Task item>
Go to the line that contains "Leonardo DiCaprio portrait", then write out that line and all that follow to the end of the listing, exactly and without pictures.
*** Material provided ***
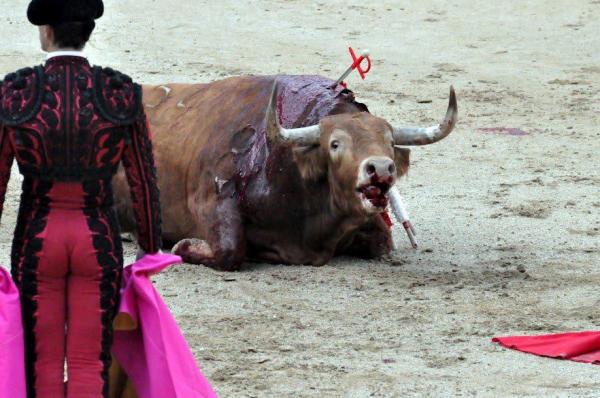 Concentración antitaurina por la corrida de toros del 9 de octubre,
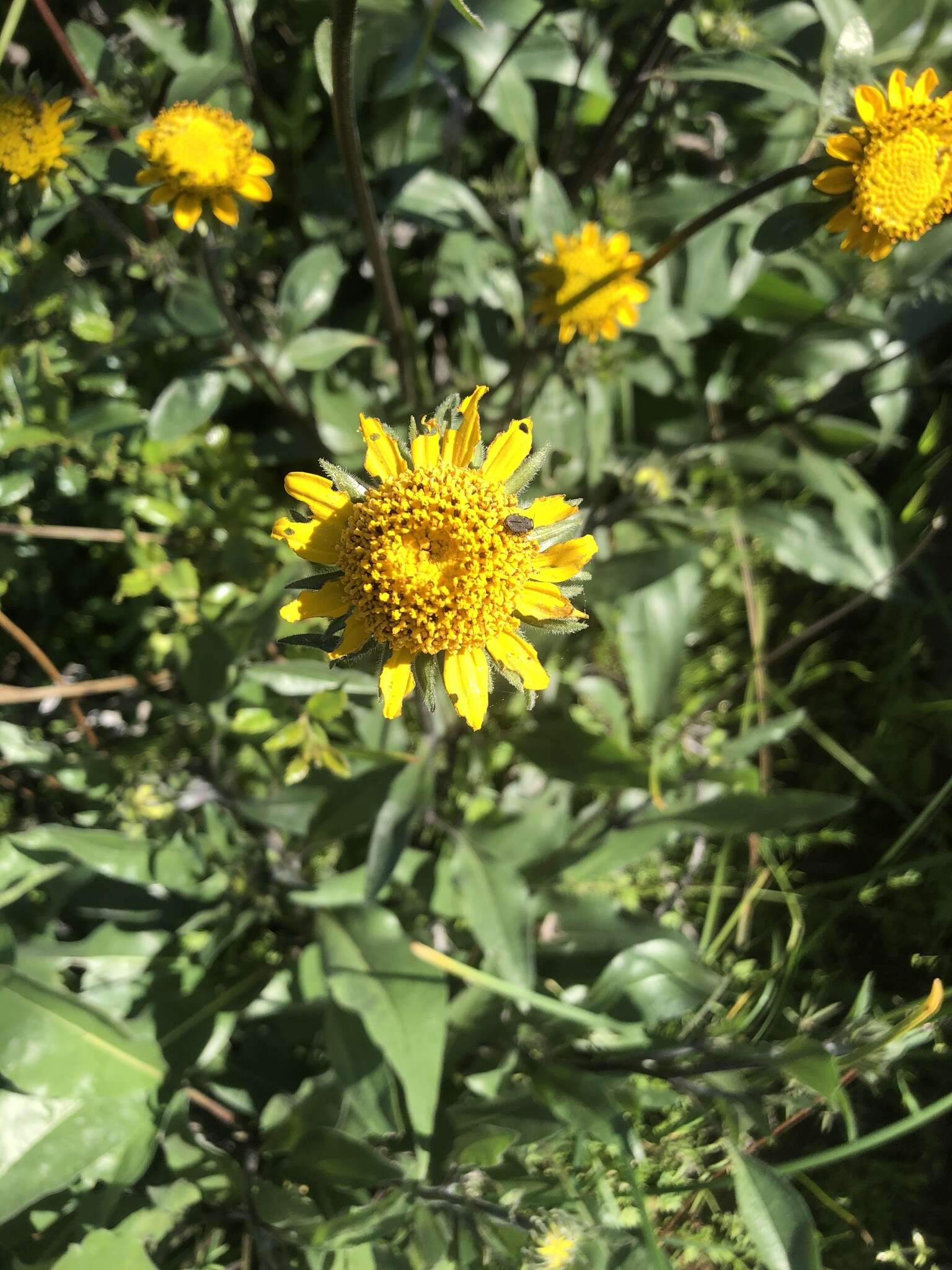 صورة Helianthella californica A. Gray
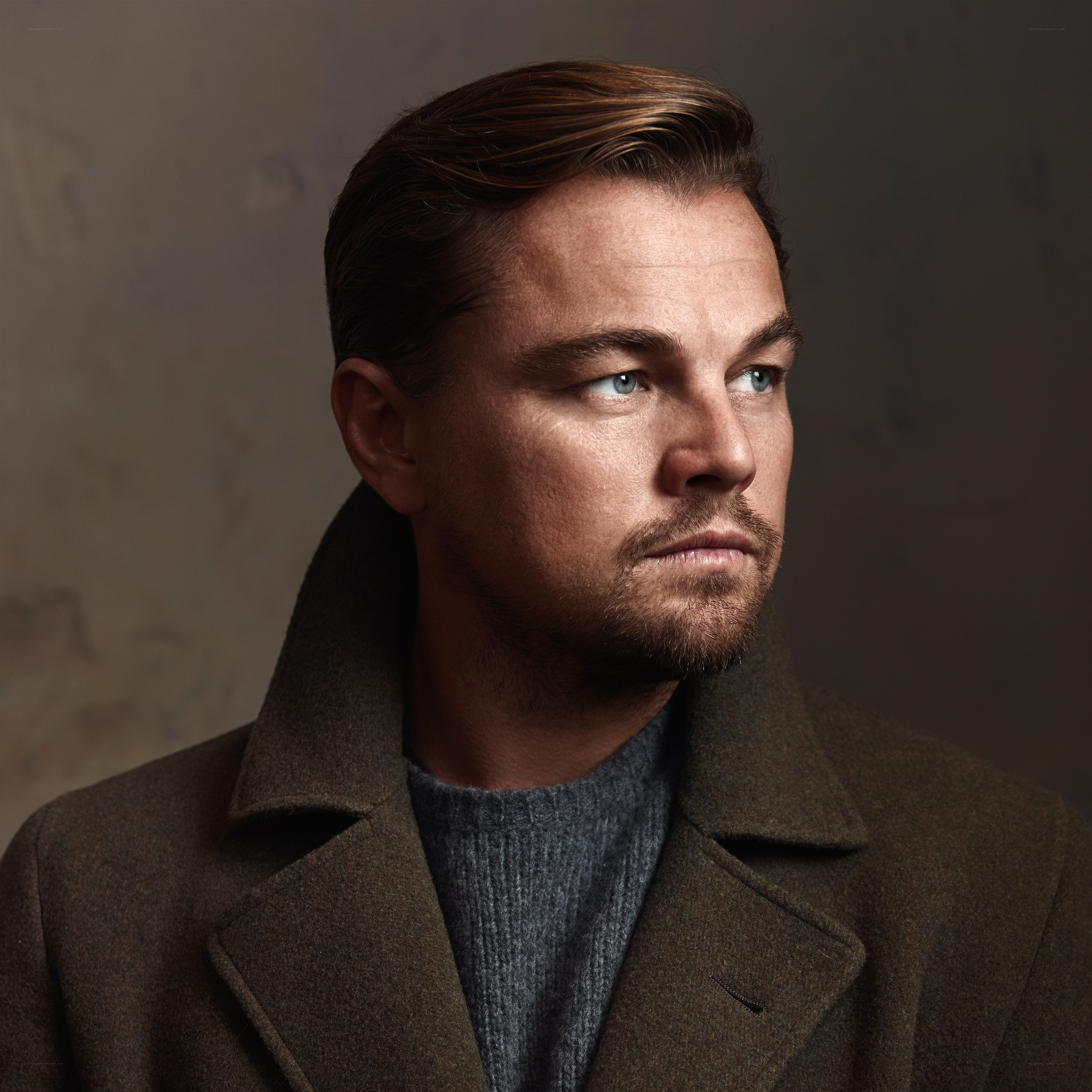 Leonardo DiCaprio portrait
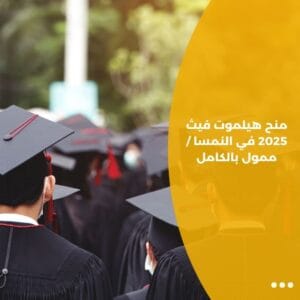 منح هيلموت فيث 2025 في النمسا / ممول بالكامل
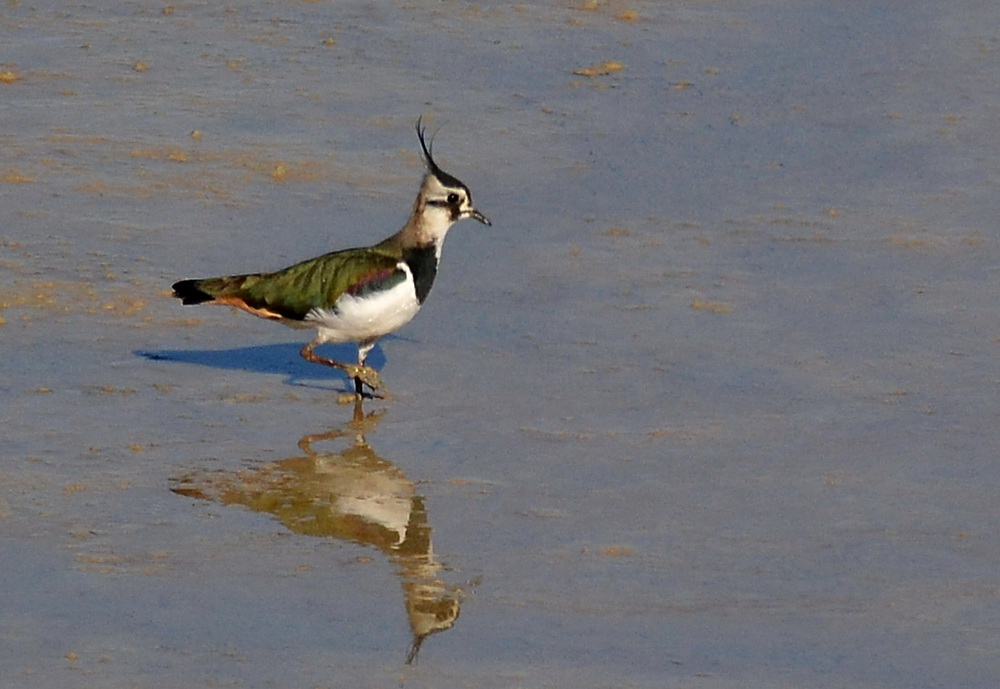Northern Lapwing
*** End of Material provided ***
Finished task>
 Leonardo DiCaprio portrait
 منح هيلموت فيث 2025 في النمسا / ممول بالكامل
Northern Lapwing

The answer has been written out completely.